Probability Distributions

Probability distributions used for the different action spaces:

CategoricalDistribution -> Discrete
DiagGaussianDistribution -> Box (continuous actions)
StateDependentNoiseDistribution -> Box (continuous actions) when use_sde=True

The policy networks output parameters for the distributions (named flat in the methods). Actions are then sampled from those distributions.

For instance, in the case of discrete actions. The policy network outputs probability of taking each action. The CategoricalDistribution allows sampling from it, computes the entropy, the log probability (log_prob) and backpropagate the gradient.

In the case of continuous actions, a Gaussian distribution is used.
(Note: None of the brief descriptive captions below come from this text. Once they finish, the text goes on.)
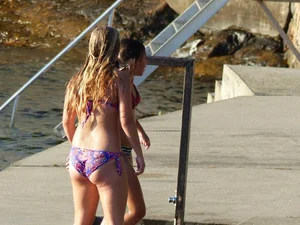 Bikini girls
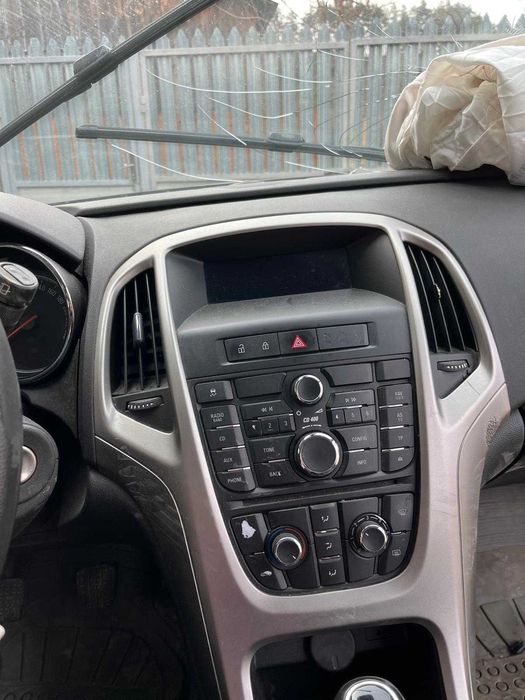 OPEL ASTRA J, 2010, 1.4 BENZINA, 74 KW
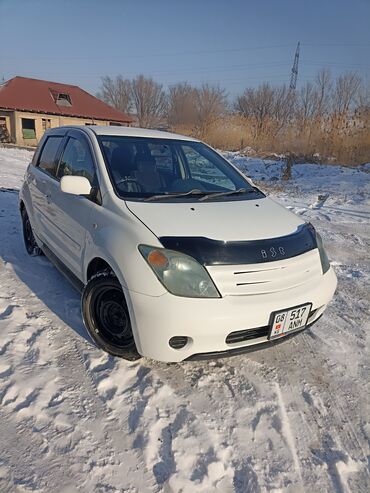 Toyota: Toyota ist: 2003 г., 1.3 л, Автомат, Бензин, Хэтчбэк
The policy network outputs mean and (log) std of the distribution (assumed to be a DiagGaussianDistribution).

Probability distributions.

class stable_baselines3.common.distributions.BernoulliDistribution(action_dims)[source]

Bernoulli distribution for MultiBinary action spaces.

Parameters:

action_dim – Number of binary actions
action_dims (int)

actions_from_params(action_logits, deterministic=False)[source]

Returns samples from the probability distribution given its parameters.

Returns:

actions

Parameters:

action_logits (Tensor)
deterministic (bool)

Return type:

Tensor

entropy()[source]

Returns Shannon’s entropy of the probability

Returns:: the entropy, or None if no analytical form is known
Return type:: Tensor

log_prob(actions)[source]

Returns the log likelihood

Parameters:: actions (Tensor) – the taken action
Returns:: The log likelihood of the distribution
Return type:: Tensor

log_prob_from_params(action_logits)[source]

Returns samples and the associated log probabilities from the probability distribution given its parameters.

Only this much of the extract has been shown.